Every property in England (leaving out wales, ni and scotland for simplicity) has mappend and into 20 bands (predicated with f - i don't know if f1 is the cheapest and f20 is the most expensive - or vice versa - it doesn't matter )
for example
for simplicity again - f1 is the cheapest and f20 is the most expensive to push fibre to.
say property a6 was f16. and was earmarked for completion on q4 '24 - the pot of money for f14-f16 properties was there waiting. They then do on field testing, they realised theres issues that didn't show up on maps and other already held data. They then push it back needing more money so property is put into f17 and is pushed back .
but conversly an f16 property can be pushed into a f12 pricing band by potentially new methods or equipment. Subtended olt in cabinets was one of them (sorry candlerb and Iniltous for the bad equipment wording), the use of drones was another were it brought a £100k+ install down. The use of micro cbts etc brought fibre to new areas. Also the new products for MDUs, reducing the space needed changes the f band rating.

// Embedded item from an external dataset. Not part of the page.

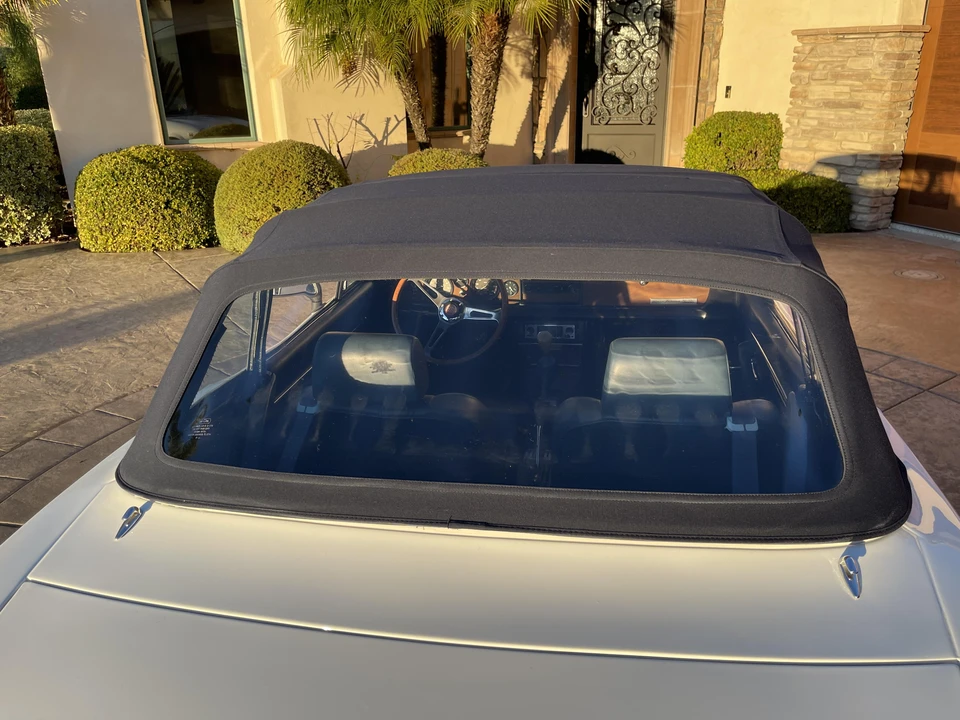 1982 Fiat 124 Sport Spider - Image 19 of 31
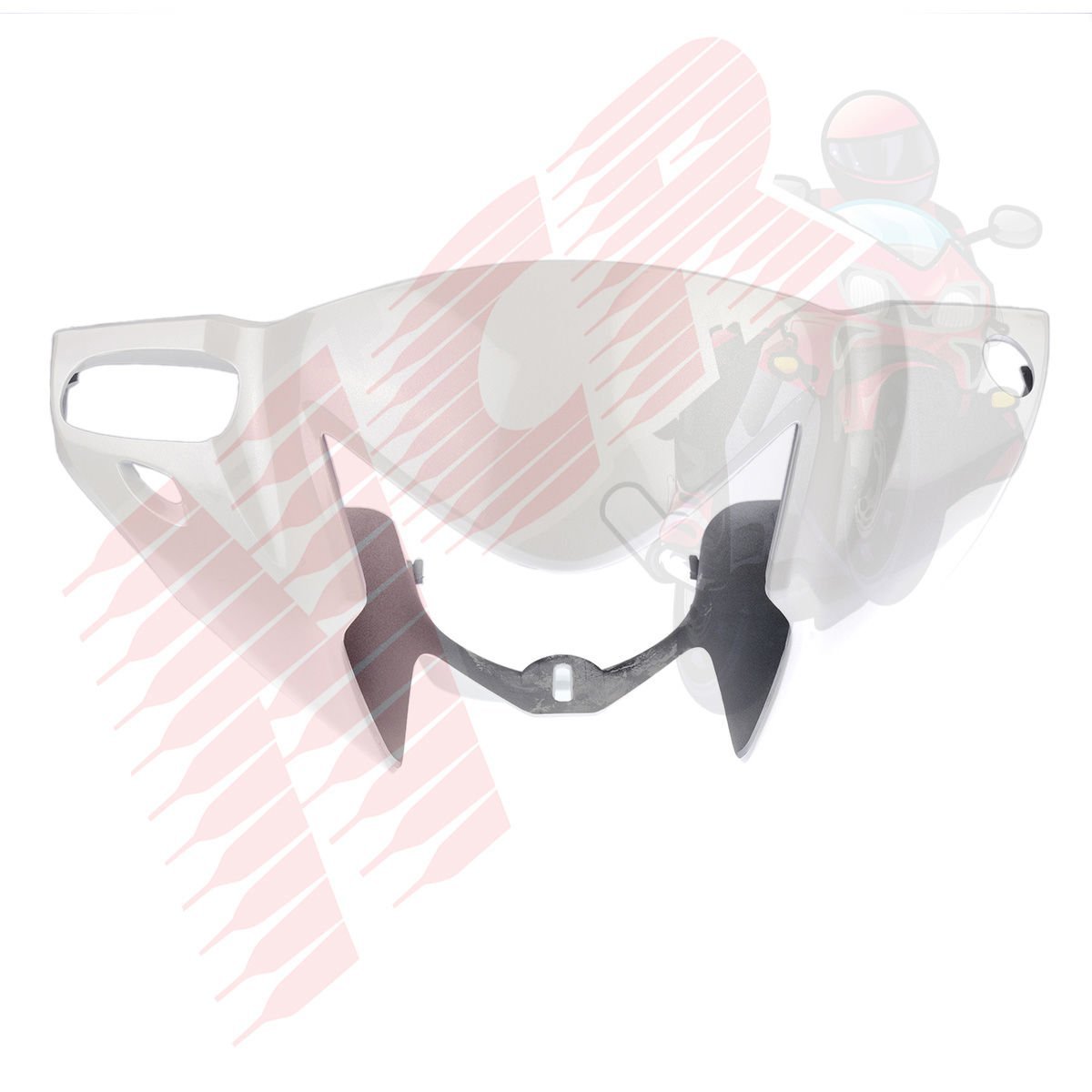 ÖN FAR GRENAJI BEYAZ HONDA DIO 110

There is a more general issue of OR charging their mind on what they will build leaving BDUK stuck.
Project gigabit was set up as a continuous process till the money was exhausted. The old BDUK/local councils approach was a one off typically (hampshire did 2 and bit waves and then ran out of money). Its not really a case of changing their mind.

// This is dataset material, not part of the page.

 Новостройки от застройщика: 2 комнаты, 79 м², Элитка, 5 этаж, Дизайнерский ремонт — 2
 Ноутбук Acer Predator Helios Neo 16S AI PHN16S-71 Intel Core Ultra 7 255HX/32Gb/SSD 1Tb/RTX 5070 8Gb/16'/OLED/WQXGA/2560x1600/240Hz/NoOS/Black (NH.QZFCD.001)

Ive spoke to them, they are [censored] as they cannot alter existing contracts awarded, and dont want to keep having to go back awarding small contracts all over the place to clean up ORs mess.
so you spoke to project gigabit/bduk?
They have typically changed contracts where they have removed premises and will go into new contracts. I understand your frustration but it really isn't "OR's mess" it just doesn't work like that.
Also "type c contracts" is for hard to reach premisies where properties in lots were removed because the contractor said no.
And honestly swearing really doesn't help. I understand how frustrating it was.
OR are in a way are on your side, because they want your custom. Same for Alt nets...
but customer services sometimes lets them down (sometimes badly)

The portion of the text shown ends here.